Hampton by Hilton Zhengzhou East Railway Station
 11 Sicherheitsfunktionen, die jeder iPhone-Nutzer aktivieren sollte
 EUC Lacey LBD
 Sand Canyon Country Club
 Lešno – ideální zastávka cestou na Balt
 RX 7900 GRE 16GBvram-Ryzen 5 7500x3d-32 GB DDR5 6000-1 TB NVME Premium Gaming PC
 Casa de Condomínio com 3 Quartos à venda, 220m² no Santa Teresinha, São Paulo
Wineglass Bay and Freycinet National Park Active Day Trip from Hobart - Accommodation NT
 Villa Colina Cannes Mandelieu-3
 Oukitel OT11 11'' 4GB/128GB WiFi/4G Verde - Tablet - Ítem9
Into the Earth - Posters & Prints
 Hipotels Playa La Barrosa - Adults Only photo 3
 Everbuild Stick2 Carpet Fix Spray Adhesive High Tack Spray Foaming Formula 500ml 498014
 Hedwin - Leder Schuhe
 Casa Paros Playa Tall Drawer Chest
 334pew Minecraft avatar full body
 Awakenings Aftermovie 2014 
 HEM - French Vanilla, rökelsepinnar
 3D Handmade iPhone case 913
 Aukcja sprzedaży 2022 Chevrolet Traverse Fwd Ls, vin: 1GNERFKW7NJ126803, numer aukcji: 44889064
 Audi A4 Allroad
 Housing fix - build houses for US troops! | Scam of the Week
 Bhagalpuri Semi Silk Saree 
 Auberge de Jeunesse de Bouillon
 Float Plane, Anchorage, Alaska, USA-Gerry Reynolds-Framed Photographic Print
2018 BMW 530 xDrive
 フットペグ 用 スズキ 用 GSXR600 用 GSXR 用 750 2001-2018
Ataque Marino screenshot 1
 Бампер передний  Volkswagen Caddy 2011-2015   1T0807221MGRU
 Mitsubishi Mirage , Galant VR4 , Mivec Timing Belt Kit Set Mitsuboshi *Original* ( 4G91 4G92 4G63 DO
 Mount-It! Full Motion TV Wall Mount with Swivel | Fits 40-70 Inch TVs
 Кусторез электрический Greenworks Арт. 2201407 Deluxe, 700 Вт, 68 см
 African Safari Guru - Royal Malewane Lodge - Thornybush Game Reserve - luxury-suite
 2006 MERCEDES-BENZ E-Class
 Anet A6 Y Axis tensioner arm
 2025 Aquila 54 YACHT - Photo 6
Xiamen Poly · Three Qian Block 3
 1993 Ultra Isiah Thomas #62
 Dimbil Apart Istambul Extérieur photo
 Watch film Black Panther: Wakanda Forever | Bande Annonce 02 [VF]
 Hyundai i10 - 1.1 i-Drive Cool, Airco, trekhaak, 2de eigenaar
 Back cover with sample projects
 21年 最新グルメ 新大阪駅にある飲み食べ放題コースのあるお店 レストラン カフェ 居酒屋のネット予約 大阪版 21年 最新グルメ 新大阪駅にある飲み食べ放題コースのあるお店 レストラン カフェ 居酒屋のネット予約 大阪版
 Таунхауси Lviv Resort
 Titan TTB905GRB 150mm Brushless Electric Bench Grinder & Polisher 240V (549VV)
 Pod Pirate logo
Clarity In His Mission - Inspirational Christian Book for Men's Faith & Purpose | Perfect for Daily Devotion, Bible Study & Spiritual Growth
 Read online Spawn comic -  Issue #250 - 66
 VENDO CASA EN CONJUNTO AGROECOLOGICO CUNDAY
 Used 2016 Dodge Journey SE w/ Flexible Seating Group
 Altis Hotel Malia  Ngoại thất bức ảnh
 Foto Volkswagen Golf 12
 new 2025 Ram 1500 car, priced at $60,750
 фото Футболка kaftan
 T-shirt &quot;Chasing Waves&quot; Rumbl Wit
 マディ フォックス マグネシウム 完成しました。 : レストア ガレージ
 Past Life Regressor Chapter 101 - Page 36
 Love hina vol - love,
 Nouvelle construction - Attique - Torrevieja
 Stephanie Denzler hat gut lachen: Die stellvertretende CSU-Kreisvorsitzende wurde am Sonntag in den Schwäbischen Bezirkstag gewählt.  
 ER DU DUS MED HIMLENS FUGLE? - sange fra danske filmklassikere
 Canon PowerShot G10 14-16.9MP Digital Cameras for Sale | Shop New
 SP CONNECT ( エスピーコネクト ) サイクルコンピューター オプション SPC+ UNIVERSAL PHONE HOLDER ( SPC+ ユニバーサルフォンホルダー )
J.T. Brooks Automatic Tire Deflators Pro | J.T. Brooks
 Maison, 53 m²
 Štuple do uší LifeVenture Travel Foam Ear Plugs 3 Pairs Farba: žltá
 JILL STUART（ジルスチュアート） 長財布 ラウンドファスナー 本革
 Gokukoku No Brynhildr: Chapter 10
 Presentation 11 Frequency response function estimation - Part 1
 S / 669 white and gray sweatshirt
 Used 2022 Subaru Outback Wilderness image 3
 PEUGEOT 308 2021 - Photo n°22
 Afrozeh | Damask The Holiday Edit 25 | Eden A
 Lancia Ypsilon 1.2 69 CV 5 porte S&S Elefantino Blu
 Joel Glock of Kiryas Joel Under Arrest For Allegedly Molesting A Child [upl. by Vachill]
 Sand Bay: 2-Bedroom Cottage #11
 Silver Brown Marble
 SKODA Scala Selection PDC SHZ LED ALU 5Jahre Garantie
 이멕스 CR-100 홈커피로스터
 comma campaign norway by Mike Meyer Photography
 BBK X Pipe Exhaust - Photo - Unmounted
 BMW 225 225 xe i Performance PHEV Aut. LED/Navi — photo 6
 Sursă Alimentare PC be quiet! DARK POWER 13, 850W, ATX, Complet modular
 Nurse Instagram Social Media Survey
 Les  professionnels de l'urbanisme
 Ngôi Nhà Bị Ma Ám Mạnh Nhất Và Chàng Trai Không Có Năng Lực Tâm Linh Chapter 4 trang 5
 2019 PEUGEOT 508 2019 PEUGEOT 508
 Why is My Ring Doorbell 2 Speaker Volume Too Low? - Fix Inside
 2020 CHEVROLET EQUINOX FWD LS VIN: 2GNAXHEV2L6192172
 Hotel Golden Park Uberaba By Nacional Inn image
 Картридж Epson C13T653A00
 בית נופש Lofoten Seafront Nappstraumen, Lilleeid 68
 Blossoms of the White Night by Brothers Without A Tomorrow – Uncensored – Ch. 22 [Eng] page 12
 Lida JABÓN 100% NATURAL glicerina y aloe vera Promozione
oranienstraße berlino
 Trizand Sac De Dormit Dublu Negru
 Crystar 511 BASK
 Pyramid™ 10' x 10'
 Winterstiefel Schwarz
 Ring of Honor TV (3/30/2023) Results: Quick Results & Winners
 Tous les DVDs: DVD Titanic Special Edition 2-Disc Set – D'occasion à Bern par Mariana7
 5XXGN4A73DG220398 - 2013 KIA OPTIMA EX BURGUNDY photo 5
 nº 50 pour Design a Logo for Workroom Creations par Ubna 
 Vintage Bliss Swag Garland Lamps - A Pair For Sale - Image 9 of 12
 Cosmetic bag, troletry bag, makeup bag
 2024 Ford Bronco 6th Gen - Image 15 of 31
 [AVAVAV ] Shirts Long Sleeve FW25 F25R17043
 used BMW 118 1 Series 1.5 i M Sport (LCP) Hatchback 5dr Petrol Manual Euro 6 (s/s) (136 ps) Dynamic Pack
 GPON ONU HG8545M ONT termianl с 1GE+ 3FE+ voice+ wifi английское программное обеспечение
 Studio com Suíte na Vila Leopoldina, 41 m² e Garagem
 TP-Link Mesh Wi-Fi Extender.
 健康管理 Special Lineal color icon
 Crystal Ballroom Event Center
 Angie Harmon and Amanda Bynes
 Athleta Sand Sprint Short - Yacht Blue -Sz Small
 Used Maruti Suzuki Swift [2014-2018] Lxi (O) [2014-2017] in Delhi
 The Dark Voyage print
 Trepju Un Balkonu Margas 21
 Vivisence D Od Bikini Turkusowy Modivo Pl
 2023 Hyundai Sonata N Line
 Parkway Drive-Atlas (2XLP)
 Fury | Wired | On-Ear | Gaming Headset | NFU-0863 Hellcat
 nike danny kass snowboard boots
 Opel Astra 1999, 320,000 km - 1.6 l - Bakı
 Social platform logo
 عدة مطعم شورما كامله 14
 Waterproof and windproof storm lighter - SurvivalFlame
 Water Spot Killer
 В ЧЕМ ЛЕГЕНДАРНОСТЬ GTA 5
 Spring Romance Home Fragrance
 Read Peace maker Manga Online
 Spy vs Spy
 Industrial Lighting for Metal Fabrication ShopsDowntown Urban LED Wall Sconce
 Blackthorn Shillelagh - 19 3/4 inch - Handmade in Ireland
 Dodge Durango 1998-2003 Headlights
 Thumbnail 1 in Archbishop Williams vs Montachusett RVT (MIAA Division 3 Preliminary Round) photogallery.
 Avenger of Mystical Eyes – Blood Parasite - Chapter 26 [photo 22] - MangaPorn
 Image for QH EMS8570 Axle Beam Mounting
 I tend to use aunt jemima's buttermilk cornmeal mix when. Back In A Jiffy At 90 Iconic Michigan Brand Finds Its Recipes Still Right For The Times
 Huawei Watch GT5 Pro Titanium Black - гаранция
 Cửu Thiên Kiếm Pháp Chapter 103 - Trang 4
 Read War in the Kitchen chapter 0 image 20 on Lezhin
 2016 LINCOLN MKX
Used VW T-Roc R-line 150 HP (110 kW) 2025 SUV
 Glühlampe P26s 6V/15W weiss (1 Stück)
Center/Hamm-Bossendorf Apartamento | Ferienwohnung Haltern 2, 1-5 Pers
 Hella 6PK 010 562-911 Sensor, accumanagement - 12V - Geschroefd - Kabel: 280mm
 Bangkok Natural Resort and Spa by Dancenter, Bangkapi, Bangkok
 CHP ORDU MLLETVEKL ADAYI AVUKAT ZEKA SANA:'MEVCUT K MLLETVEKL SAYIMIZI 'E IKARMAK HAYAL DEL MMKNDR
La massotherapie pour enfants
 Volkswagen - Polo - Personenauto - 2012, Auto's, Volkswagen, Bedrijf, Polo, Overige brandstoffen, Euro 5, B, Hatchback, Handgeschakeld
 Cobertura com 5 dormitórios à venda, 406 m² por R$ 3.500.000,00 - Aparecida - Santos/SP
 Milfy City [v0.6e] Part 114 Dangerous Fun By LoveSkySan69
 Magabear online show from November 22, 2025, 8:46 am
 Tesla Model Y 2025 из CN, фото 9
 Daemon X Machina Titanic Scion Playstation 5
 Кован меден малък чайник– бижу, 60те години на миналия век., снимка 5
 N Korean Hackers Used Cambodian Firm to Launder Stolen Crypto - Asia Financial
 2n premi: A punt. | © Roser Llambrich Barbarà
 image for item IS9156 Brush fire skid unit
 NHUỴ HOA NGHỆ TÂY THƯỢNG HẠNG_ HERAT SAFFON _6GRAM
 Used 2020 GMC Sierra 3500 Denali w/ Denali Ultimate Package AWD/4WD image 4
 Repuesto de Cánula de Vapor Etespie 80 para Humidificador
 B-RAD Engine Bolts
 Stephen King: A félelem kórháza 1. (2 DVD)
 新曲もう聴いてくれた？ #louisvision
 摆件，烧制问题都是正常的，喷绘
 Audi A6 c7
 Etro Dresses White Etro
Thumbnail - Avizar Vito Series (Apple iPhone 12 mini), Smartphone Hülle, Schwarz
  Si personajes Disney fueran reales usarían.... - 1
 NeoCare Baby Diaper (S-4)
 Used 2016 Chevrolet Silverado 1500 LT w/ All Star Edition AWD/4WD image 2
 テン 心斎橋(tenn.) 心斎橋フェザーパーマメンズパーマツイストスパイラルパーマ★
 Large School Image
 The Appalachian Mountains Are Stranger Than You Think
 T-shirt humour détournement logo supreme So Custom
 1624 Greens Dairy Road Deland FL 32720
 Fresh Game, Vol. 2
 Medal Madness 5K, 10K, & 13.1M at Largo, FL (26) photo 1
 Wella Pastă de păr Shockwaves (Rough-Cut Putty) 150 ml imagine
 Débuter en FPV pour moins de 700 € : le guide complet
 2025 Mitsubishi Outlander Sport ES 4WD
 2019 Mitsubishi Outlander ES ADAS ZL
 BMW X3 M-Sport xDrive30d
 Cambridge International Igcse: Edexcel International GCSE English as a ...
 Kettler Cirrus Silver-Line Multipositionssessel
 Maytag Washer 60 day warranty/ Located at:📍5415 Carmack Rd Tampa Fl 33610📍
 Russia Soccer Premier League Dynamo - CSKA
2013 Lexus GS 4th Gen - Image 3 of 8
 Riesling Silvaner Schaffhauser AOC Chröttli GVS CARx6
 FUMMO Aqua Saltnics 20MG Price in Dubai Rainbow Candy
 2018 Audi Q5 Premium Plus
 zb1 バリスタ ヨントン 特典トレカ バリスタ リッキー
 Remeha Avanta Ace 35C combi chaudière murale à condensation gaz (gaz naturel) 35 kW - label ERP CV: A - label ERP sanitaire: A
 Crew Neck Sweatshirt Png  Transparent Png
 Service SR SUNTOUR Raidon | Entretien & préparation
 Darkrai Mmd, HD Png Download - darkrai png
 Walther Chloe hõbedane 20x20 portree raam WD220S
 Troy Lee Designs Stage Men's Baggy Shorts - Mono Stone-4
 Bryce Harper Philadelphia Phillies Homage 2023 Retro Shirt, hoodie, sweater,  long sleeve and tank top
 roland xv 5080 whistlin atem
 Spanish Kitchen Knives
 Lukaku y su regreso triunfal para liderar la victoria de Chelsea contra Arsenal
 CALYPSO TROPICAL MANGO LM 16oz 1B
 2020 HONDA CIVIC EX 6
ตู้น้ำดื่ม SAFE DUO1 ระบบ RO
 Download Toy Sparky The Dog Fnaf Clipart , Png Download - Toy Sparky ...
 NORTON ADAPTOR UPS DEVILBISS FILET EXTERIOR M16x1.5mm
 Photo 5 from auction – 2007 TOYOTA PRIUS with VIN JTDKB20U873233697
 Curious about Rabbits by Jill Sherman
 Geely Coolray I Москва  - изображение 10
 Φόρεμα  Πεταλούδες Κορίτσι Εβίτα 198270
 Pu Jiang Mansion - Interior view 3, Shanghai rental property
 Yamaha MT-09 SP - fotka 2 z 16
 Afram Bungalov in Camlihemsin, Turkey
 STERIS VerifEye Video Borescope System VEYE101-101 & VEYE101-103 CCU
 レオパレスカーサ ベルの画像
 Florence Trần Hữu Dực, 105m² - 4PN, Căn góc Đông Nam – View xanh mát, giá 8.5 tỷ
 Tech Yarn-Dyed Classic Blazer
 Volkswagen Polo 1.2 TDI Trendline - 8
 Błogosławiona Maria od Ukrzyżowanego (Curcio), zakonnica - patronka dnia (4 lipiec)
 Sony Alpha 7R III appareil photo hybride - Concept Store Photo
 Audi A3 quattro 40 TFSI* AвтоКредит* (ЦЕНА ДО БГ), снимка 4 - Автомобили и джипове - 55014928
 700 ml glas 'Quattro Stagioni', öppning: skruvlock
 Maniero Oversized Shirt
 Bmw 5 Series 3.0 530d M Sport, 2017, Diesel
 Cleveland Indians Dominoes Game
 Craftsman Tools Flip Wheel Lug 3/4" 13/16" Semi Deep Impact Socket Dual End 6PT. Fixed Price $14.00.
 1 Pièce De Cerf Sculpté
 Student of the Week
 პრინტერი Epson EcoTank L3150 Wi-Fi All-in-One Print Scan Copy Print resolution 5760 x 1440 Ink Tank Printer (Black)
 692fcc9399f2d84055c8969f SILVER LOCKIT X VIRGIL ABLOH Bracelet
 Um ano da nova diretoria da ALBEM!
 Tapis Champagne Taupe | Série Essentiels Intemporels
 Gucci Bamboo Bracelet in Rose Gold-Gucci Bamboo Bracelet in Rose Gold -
==================================================
Only the lines above that include the word "Outlander" belong in the answer; copy each one.

 2025 Mitsubishi Outlander Sport ES 4WD
 2019 Mitsubishi Outlander ES ADAS ZL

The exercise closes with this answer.